Khrylx/PyTorch-RL

How are we using rewards in imitation learning?

SiddharthSingi opened this issue · 4 comments

Hi, these implementations are amazing, thank you for sharing them. I have a question on how, and rather why are we using rewards in imitation learning?

rewards = torch.from_numpy(np.stack(batch.reward)).to(dtype).to(device)

In the paper they have mentioned that instead of using the rewards to improve the policy, we use the log of the discriminator value like so (last line before end of for loop):
Screenshot (283)
Screenshot (282)

As you can see above the policy update uses the log of the Discriminator. Could you please explain why is this term being used instead of the reward?

The reward is computed exactly as log of discriminator, as shown in this line:

return -math.log(discrim_net(state_action)[0].item())

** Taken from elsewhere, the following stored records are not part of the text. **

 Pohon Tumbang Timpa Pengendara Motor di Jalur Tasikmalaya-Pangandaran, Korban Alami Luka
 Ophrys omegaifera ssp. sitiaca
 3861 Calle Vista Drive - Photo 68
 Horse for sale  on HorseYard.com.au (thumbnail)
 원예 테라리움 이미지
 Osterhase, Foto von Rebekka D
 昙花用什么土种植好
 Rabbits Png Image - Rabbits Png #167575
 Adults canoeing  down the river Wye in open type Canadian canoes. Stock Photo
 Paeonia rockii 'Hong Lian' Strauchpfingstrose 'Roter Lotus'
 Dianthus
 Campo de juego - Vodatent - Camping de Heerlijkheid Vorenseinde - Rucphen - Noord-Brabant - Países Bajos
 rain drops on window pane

Thank you for your response. For anyone else also wondering the same thing. Please check this line as well:

reward = custom_reward(state, action)

The reward is computed exactly as log of discriminator, as shown in this line:

return -math.log(discrim_net(state_action)[0].item())

This is exactly how the reward should be calculated, however everywhere it is written as the expectation of the derivative of the log term (See above images). Can you please tell me why the 'minus' sign is removed in the expectation term?

The reward is computed exactly as log of discriminator, as shown in this line:

return -math.log(discrim_net(state_action)[0].item())

This is exactly how the reward should be calculated, however everywhere it is written as the expectation of the derivative of the log term (See above images). Can you please tell me why the 'minus' sign is removed in the expectation term?

The D in this code is actually equivalent to the minus D in the original paper.

PyTorch-RL/gail/gail_gym.py

Lines 125 to 126 in d94e147

discrim_loss = discrim_criterion(g_o, ones((states.shape[0], 1), device=device)) + \
discrim_criterion(e_o, zeros((expert_traj.shape[0], 1), device=device))

From the above two lines of code, it can be seen that the discriminator's update goal is to output 1 for the generated data g_o and 0 for the expert data e_o. The goal of the policy update should then be to minimize the output of the discriminator, i.e., to maximize the -log(D(g_o)) reward, which makes the so-called adversarial training.